Historic district in Massachusetts, United States

Farnams Village Historic District is a historic district in Cheshire, Massachusetts, United States. It encompasses the historic limestone mining community known as Farnams Village and the associated surviving industrial and mining infrastructure associated with a mining operation active from the late 19th century into the mid-20th century. The main village area is centered on Lanesborough Road in southern Cheshire, near Farnams and Quarry Roads, with quarry sites on the hillside to the west. The district was listed on the National Register of Historic Places in 2000.
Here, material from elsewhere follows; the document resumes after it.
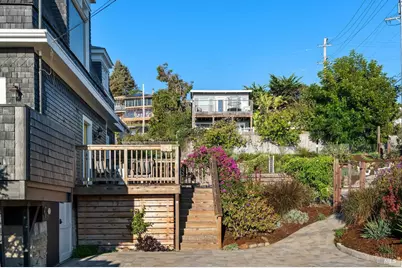 700 Ocean Avenue, Point Richmond, CA 94801 - Photo 3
==Description and history==
Farnams Village is located in southern Cheshire, a rural town on the eastern slope of Mount Greylock in western Massachusetts. The geology of southwestern Cheshire includes ridges of outcrops with deposits of limestone and marble, which were mined on a small scale, primarily for local use by farmers, beginning in the early 19th century. The arrival of railroad infrastructure in the area in the mid-19th century prompted a more organized expansion of mining efforts. The Dean family were one of the first to establish a small mining operation (c. 1840), located roughly at the western end of Quarry Road. Brothers Alfred and Albert Farnam in 1874 opened a lime processing facility, and greatly expanded mining in an area adjacent to the small Dean mine. The Farnams were economically successful, producing a high quality white plaster lime, and eventually expanded their holdings to more than 1500 acre. They overextended their finances in the process, and sold the business in 1905. The business was acquired by US Gypsum in 1927, and operated until 1969, when it was closed down.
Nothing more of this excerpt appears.